→ TASK STATEMENT: Beneath this line sits some data. Return only its lines from the one holding "Blue and yellow" through the one holding "different taste - restaurant", inclusive, exactly, with the images removed.
*** ENTRIES PROVIDED Section Begins ***
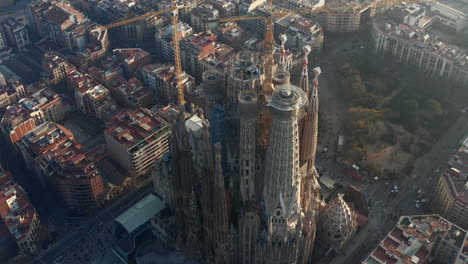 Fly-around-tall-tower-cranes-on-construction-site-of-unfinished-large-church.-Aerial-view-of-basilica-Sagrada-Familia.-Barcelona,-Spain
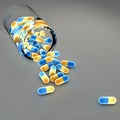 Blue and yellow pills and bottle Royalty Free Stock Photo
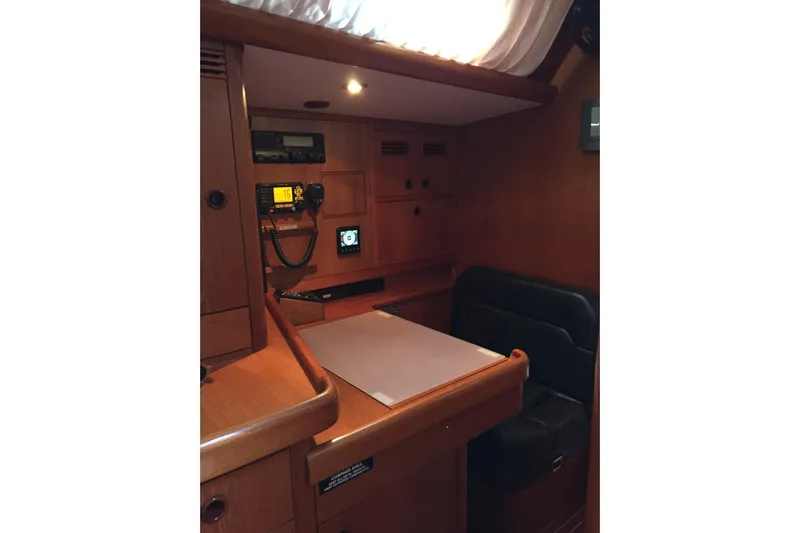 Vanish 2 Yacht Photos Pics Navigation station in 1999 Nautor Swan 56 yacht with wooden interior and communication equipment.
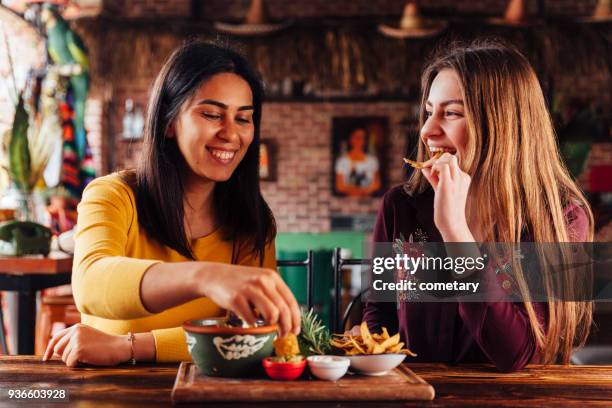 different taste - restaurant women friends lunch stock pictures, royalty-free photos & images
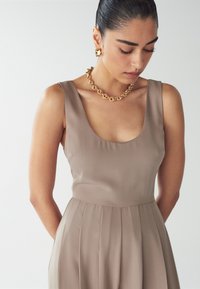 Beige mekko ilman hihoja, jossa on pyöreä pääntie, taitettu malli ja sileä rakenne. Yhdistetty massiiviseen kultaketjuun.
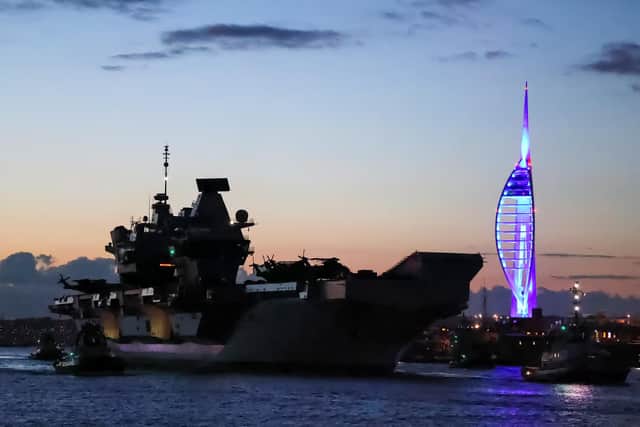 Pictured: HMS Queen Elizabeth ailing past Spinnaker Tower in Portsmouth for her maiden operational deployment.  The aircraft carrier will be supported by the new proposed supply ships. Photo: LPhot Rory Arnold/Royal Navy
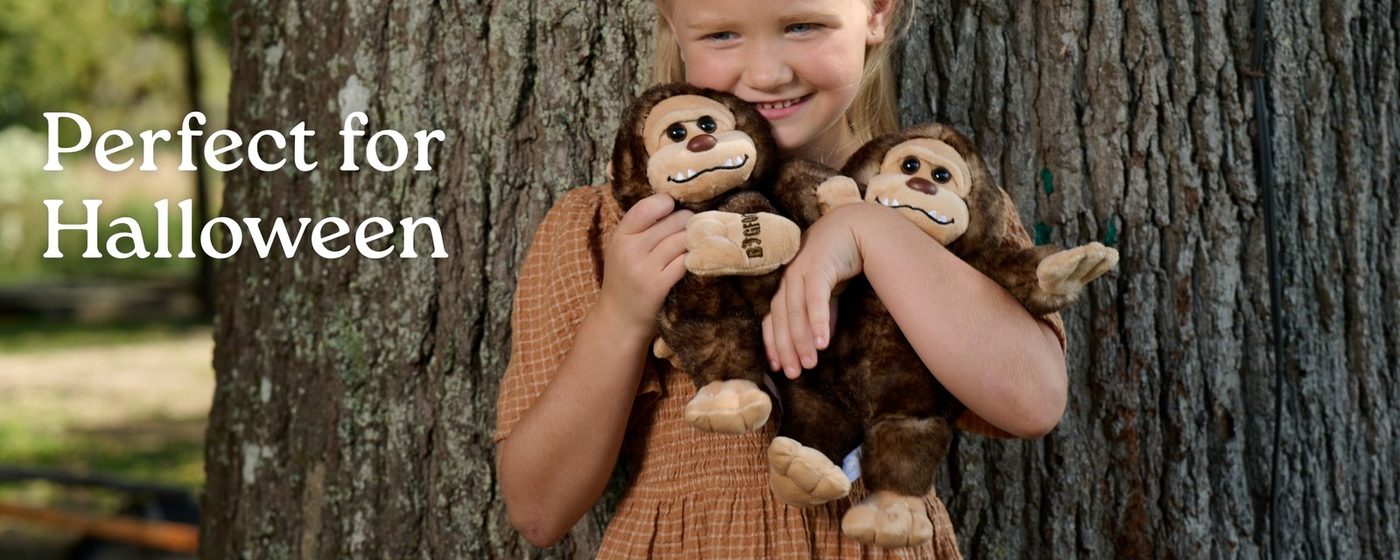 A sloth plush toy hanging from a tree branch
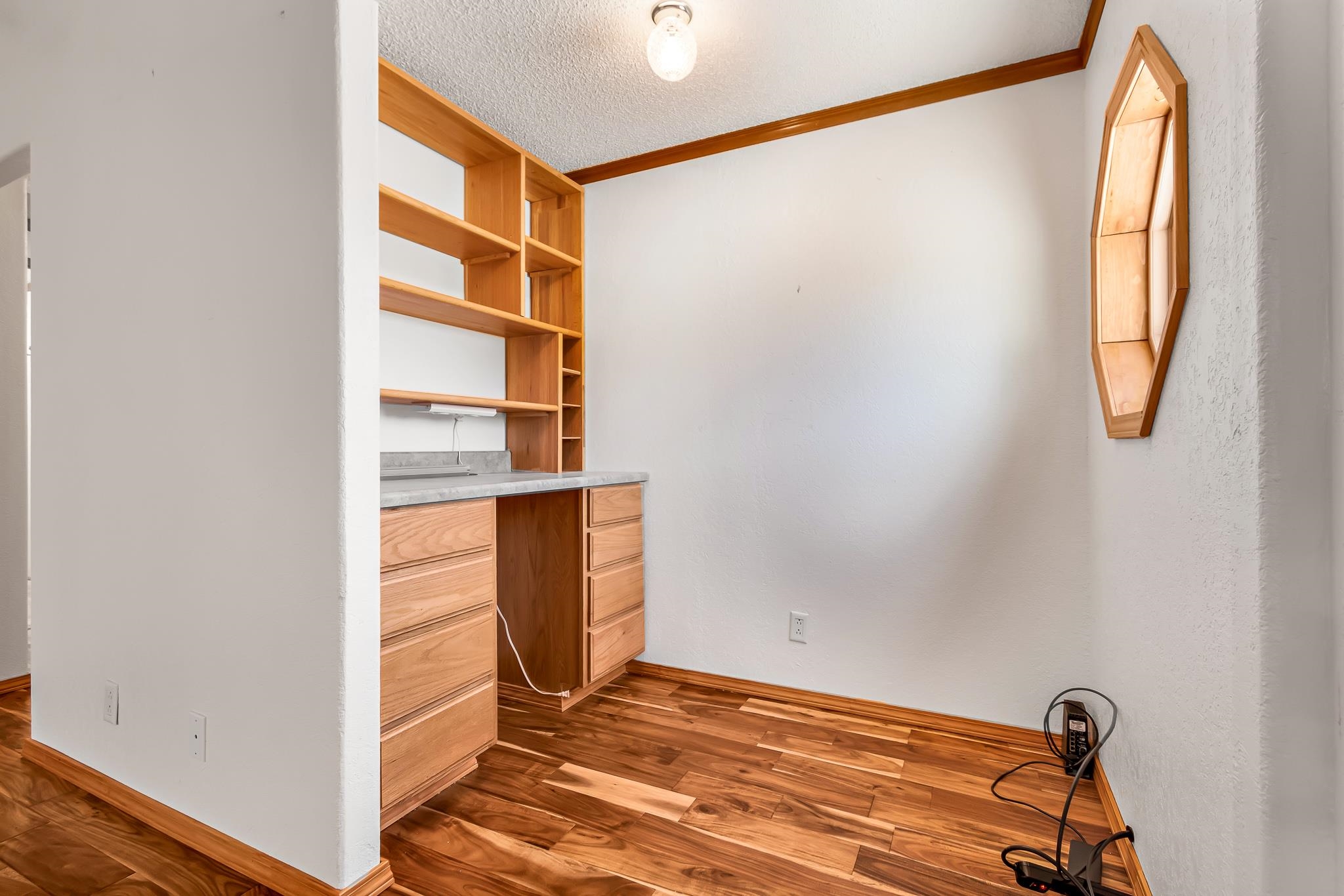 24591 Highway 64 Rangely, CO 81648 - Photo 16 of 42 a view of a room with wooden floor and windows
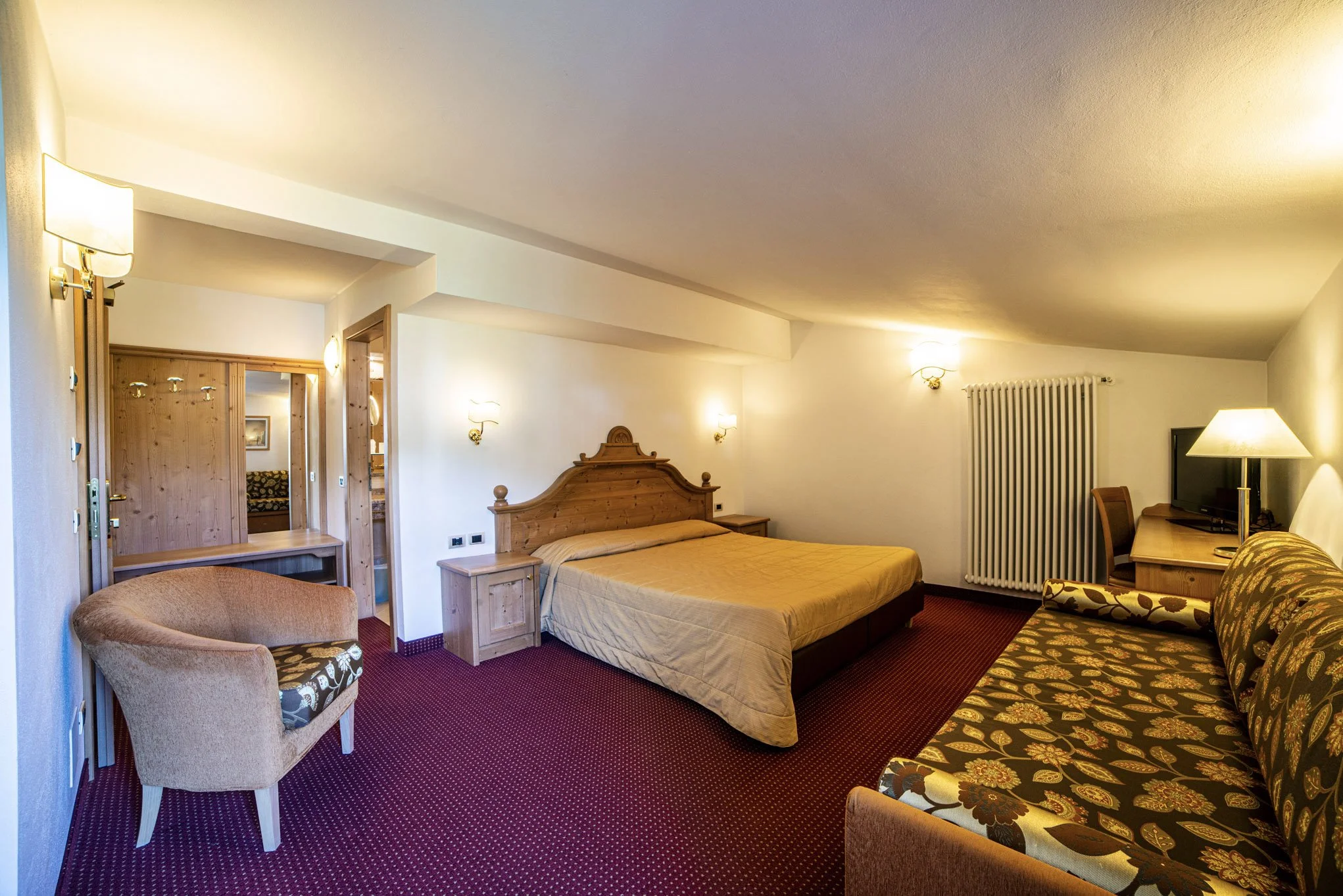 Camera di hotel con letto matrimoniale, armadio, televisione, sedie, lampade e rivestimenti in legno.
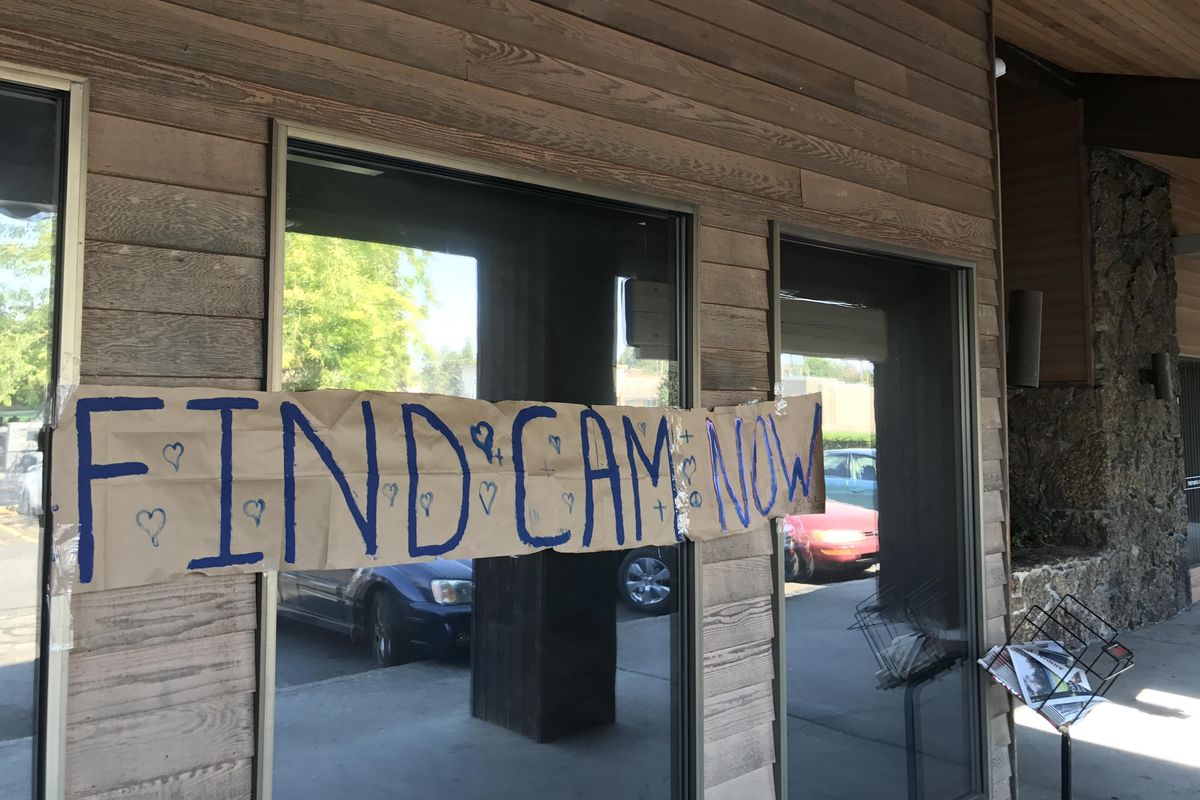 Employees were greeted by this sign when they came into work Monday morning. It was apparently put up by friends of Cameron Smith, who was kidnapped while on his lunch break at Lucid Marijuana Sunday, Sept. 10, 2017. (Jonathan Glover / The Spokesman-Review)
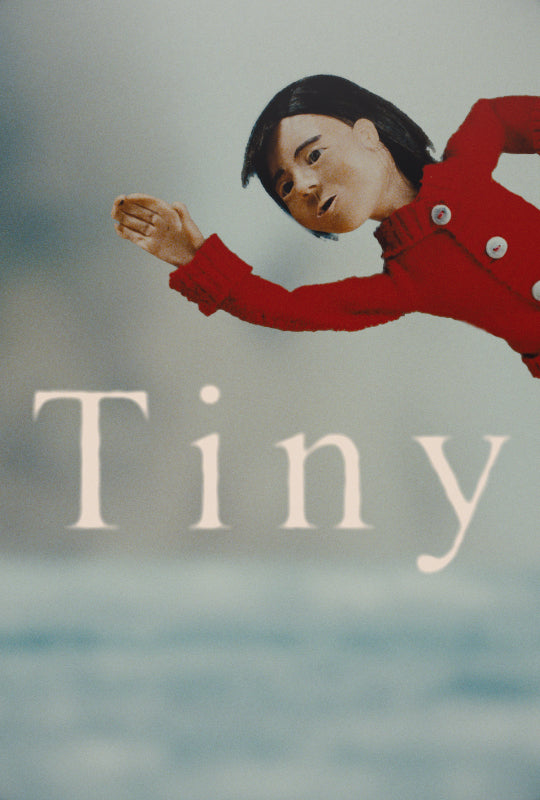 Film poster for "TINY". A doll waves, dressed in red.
*** ENTRIES PROVIDED Section Ends ***
→ RESPONSE BELOW:
 Blue and yellow pills and bottle Royalty Free Stock Photo
 Vanish 2 Yacht Photos Pics Navigation station in 1999 Nautor Swan 56 yacht with wooden interior and communication equipment.
 different taste - restaurant women friends lunch stock pictures, royalty-free photos & images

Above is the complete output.